Freya Newman: was she committing a criminal offence, or acting out in the public interest?
Freya Newman garnered significant support when she faced the Downing Centre facing charges after she hacked into the Whitehouse system and discovered that the scholarship given to Tony Abbott’s daughter came about in dubious circumstances.
Working in her part time job as a librarian at the Whitehouse institute, the UTS student accessed the institute’s system using the login details of another staff member.
She resigned immediately after uncovering the incriminating evidence.
The two sides of the debate are polarised: while many have expressed support and sympathy for Ms Newman, declaring her conduct should not even be liable to prosecution, the criminal justice system has another position.
Ms Newman has been charged with unauthorised access to restricted data, which is an offence under section 308H of the NSW Crimes Act.
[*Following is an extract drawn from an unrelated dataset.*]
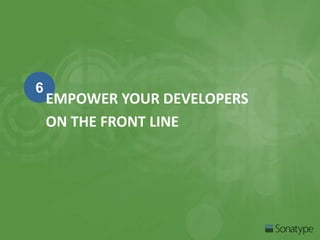 6 
EMPOWER YOUR DEVELOPERS 
ON THE FRONT LINE 
 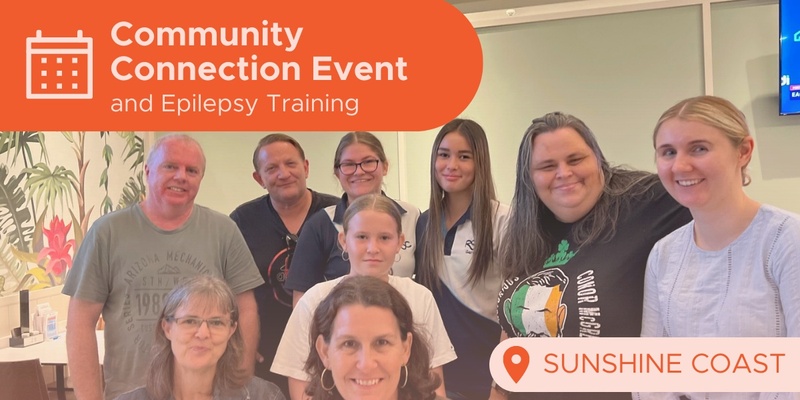 Get Epilepsy Smart & connect with our supportive community Sunshine Coast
Newman did not know she was breaking the law, let alone that her conduct would expose her to criminal charges and a maximum prison sentence of two years.
Ignorance of the law is no excuse, and police are pushing for a criminal conviction.
Ms Newman’s lawyer argues that a conviction should not be recorded against her name, as she has already been punished enough by being in the public eye and the backlash she has received.
While Ms Newman pleaded guilty, she has not yet been sentenced.
She will return to court on November 25 for sentencing.
Because the Whitehouse is not a public institution, Ms Newman is not protected by legislation that may otherwise have shielded her.
The Public Interest
Public interest intersects with the criminal justice system in several places.
According to prosecution policies, people should not be prosecuted if it is not in the public interest to do so, and acting for the benefit of the public may therefore override countervailing considerations that might push for punishment.
Of course, whether or not revealing a particular piece of information is in the public interest is often subjective matter where different minds may come to different conclusions.
Some have argued that the ‘scholarship’, while questionable from a moral standpoint, was not illegal and therefore isn’t the sort of thing that should be covered by whistleblower protection.
What is whistleblower protection?
The idea behind whistleblower protection is to encourage those who see wrongdoing in the public sector taking place to come forward without having to risk their own jobs or other negative consequences.
Encouraging people to come forward means that wrongful behaviour is more likely be reported and appropriately investigated.
Australia’s protection of whistleblowers has been criticised as lagging in comparison with other G20 countries.
As the Newman case shows, those who divulge information about corruption at private institutions do not enjoy the same protection as public institutions.
Under the Public Disclosure Act 2013, public officers who report will be given anonymity and immunity both from civil and criminal liability as well as protection against any administrative action, including disciplinary action.
However, even the introduction of this law was not enough to allay all fears.
There are significant groups of people who are not protected, including those in the private sector and employees who are not public officers.
It is clear that there are policy reasons behind the decision to protect those who speak up and report wrongdoing, as well as policy reasons for limiting the protection.
As to the latter, the argument is that if the protection were too wide, privacy and commercial secrets could be unjustifiably compromised through unwarranted disclosures of trivial information.